The complications of acute fatty liver of pregnancy may require treatment after delivery, especially if pancreatitis occurs. Liver transplantation is rarely required for treatment of the condition, but may be needed for mothers with severe DIC, those with rupture of the liver, or those with severe encephalopathy.

==Epidemiology==
Acute fatty liver of pregnancy is a rare condition and occurs in approximately one in 7,000 to one in 15,000 pregnancies.

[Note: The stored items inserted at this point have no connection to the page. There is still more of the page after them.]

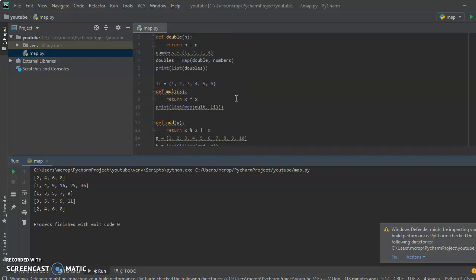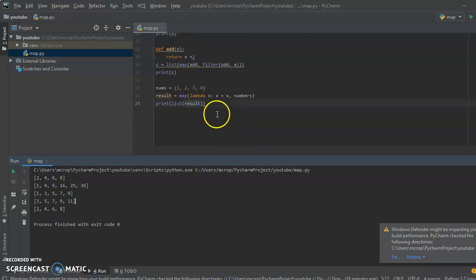So we've gone over filter, we've gone over map, and we went over that lambda expression and list abstractions. These things can be really cool for when you have lots of things you want to do — like add five, divide by something, and check if it's odd — instead of writing a for loop with lots of conditionals. Hopefully you guys found this video helpful.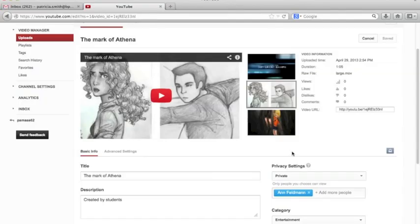So that's it. That's how you can view a private video by invitation. Thank you.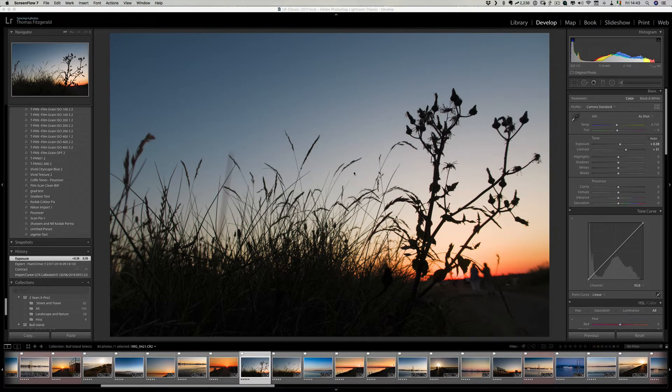Hi everybody, it's Thomas here from Thomas Visterial Photography and today I have a super quick Lightroom tip for you.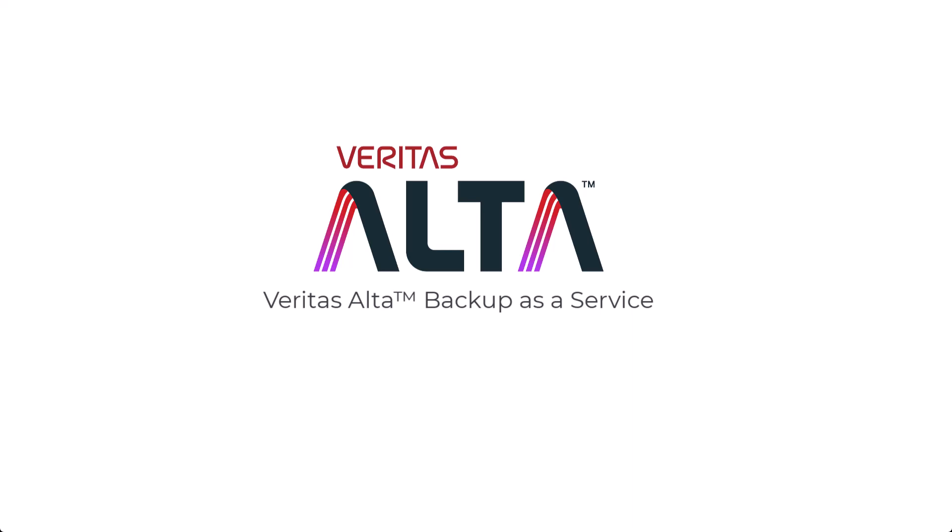My name is Nate Tran. I'd like to say thank you for watching and hope to see you on our next Veritas Alta Backup as a Service video.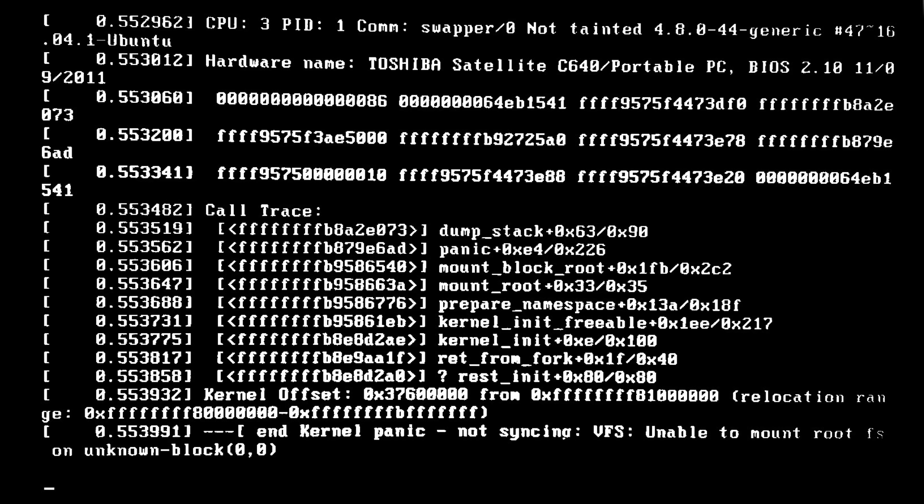So there you go. A high level overview of Gentoo and some things to keep in mind before installing it. I hope that you guys found this video useful. Be sure to share it with anyone that you know is thinking about installing Gentoo. It might even save them some time. And enjoy the rest of your day.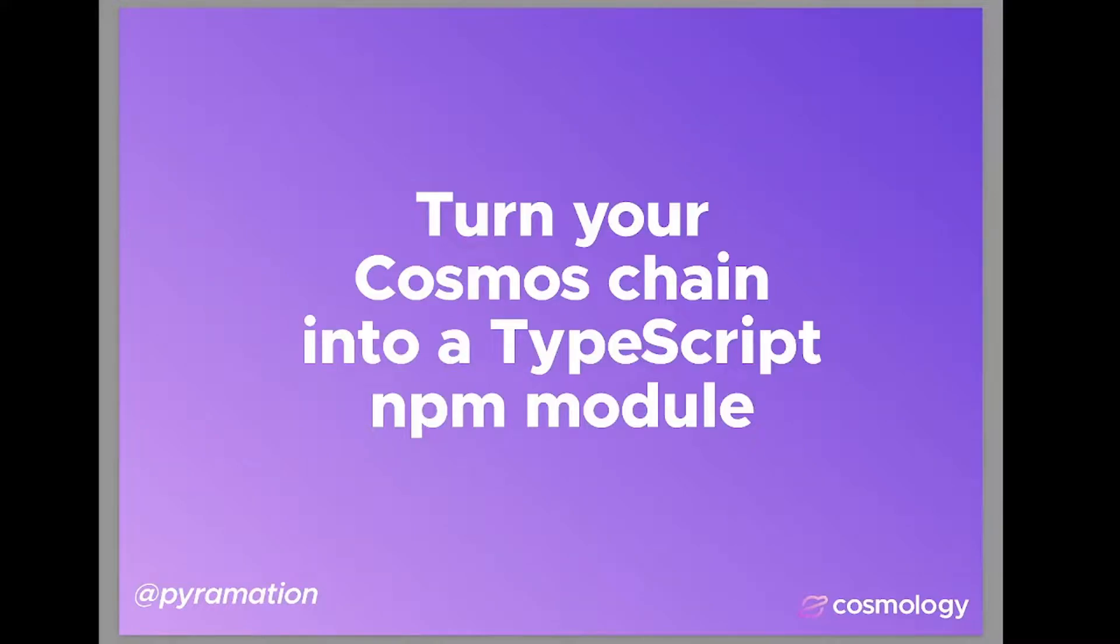Hi everyone, this is Dan Lynch from Cosmology, here to show you how to turn your Cosmos chain into a TypeScript NPM module.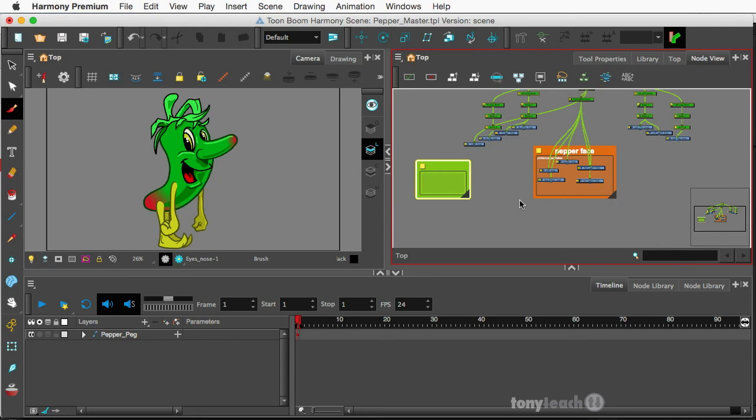So this has been Tony Ross for TonyTeach.com. If you haven't already, be sure to go to our CellFi store and you can see all the different things and download the Pepper character. It's a free rig you can play around with. If you liked our video, be sure to go ahead and like and subscribe to us. Tell your friends. The more people that know about us, the more we can put out more tutorials like this. Anyway, have a good one.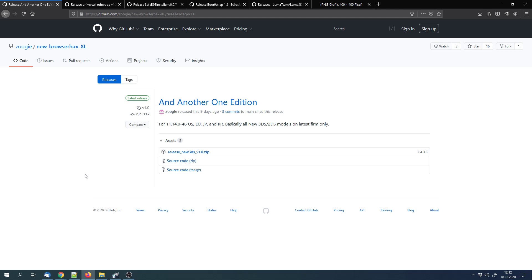Also make sure that the firmware of your 3DS is on 11.14.0 and not above that. And your 3DS should have internet access so that you can open the web browser.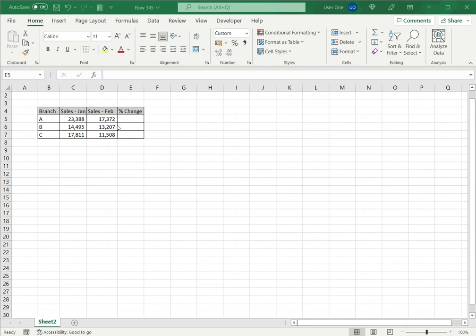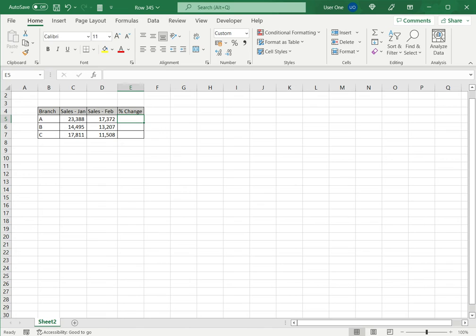In this example, I have sales for two months and by looking at the numbers, I can see that the sales in February have fallen. I would like to calculate the percentage change to get a better idea of how much the sales have fallen.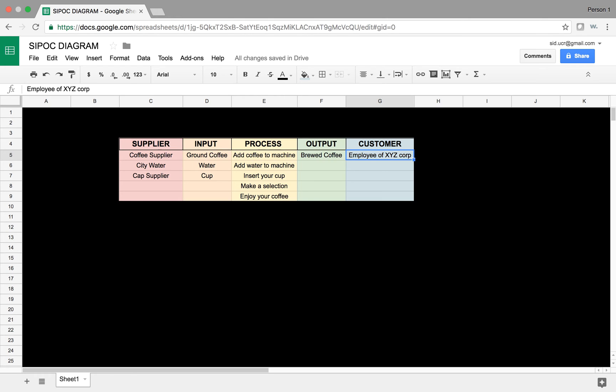So, this is a fairly simple example of the SIPOC diagram. As you know, as we get into more complex processes, these inputs and outputs, as well as suppliers and customers, become larger. You might have multiple suppliers providing one input, which is kind of an eye-opening thing when you're working in an environment where you're trying to identify who is doing what. So, again, very useful chart, but it's a high-level diagram in the define phase of Lean Six Sigma project.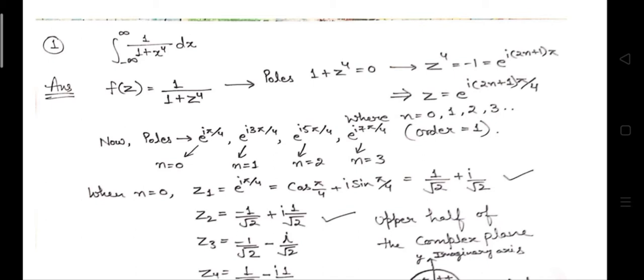Generally, even if the question is given in terms of X, we can write it in terms of Z first and then proceed with further steps to get the final answer, as it will not affect the final answer. Any finite value of Z which can make the given function infinity is known as a pole. In most cases we simply equate the denominator with zero to get the pole value.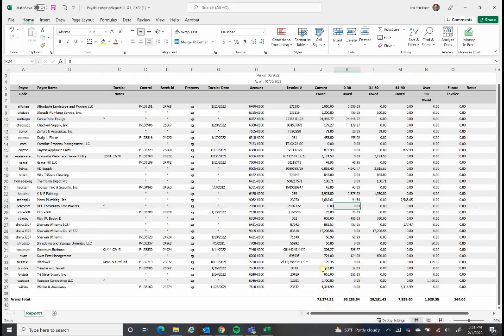And that would be the report that Dan wants to see. So hope you have this access. If so, you can run this quickly and easily. Otherwise, I can always run it for you as well. That's it.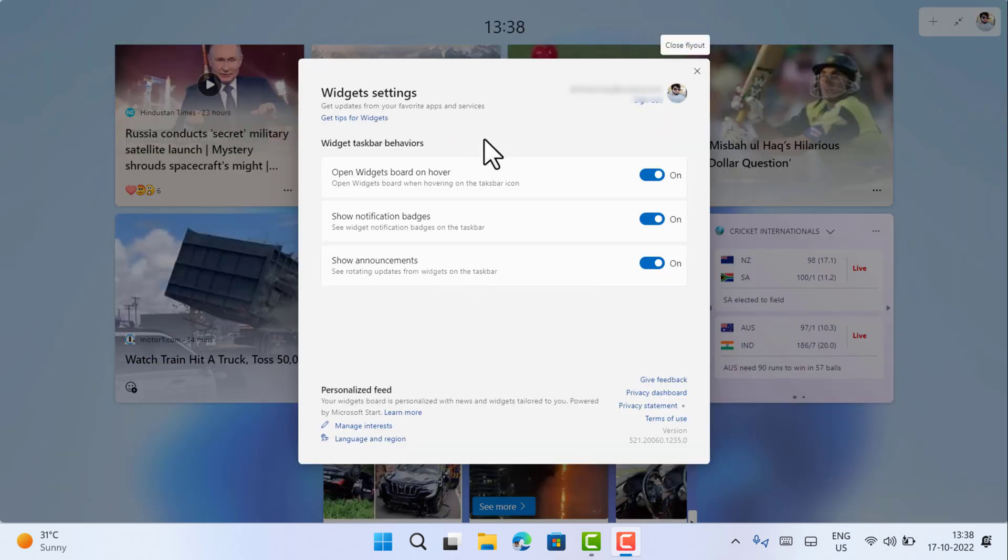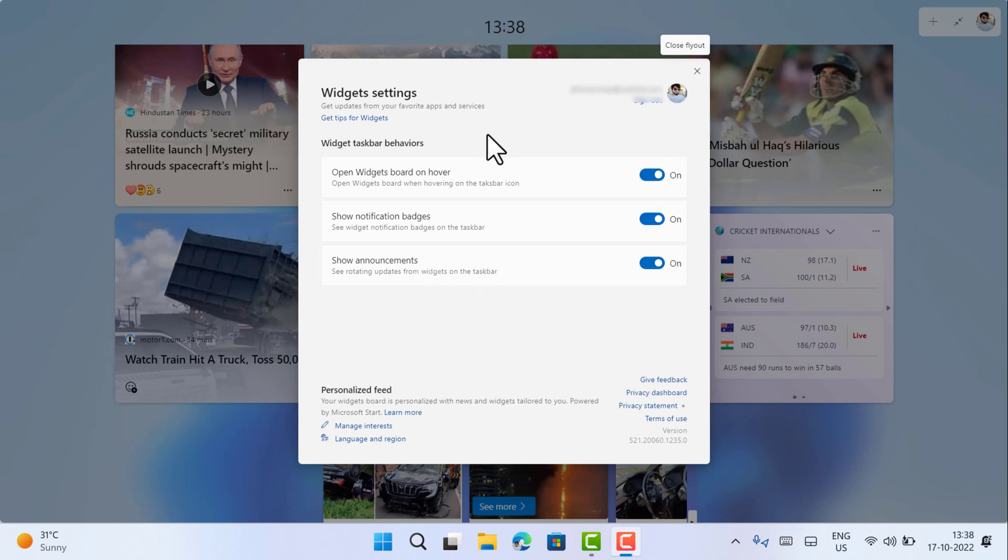In case this setting panel won't show up for you, you can check my other video on how to enable widget setting panel. I have already added the link in the description. Once you have it, head over to widgets taskbar behavior.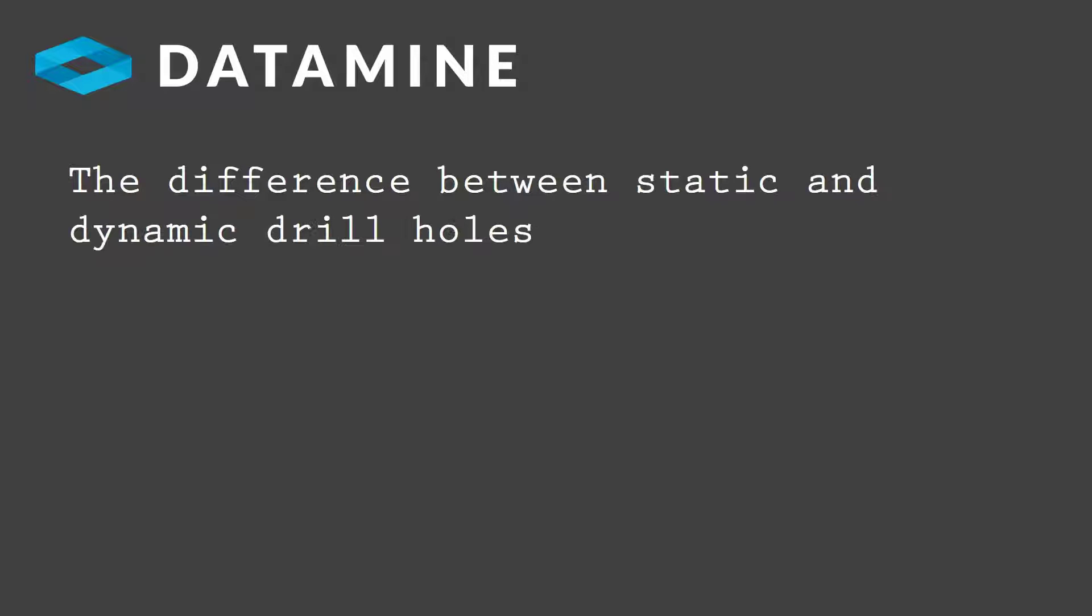In this video we will show you how to convert dynamic drill holes to static drill holes in Studio RM. But before we show that, let's first explain the difference between static and dynamic drill holes and why it's advisable to create static drill holes from dynamic holes.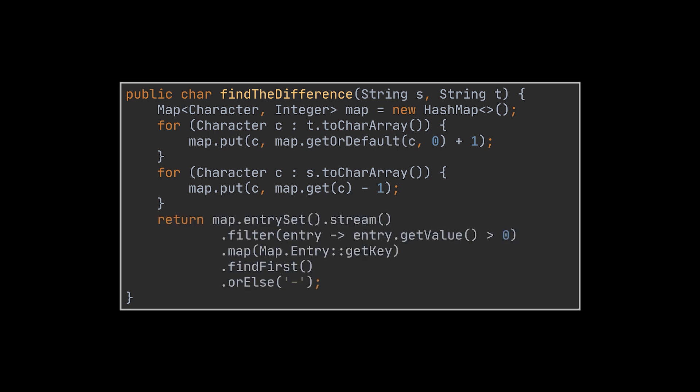After we finish looping over both strings, the map should contain a single character having a value of 1, and if any, all other characters should have a value of 0. So we retrieve that character and return it.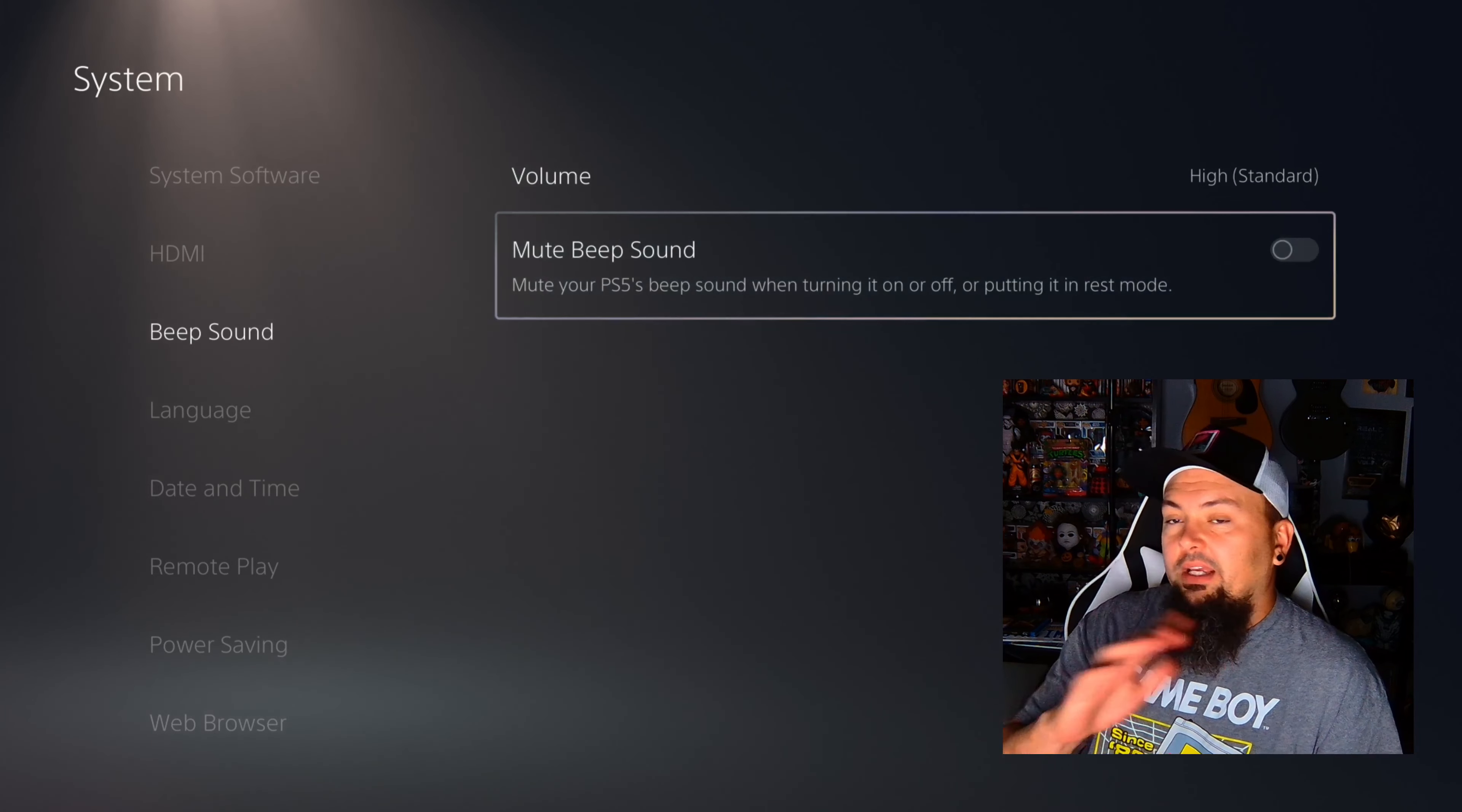So when you boot up your PlayStation 5, you're going to go into Settings, then you're going to go into System. Once you're in System, go into Beep Sound and you have full control right there.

The mortality from acute fatty liver of pregnancy has been reduced significantly to 18% and is now related primarily to complications, particularly DIC (Disseminated Intravascular Coagulation) and infections. After delivery, most mothers do well, as the stimulus for fatty acid overload is removed. The disease can recur in future pregnancies, with a calculated genetic chance of 25%; the actual rate is lower, however. Mortality of the foetus has also diminished significantly, but remains 23%, and may be related to the need for premature delivery.

==History==
The disease was first described in 1940 by H. L. Sheehan as an "acute yellow atrophy" of the liver, then thought to be related to delayed chloroform poisoning.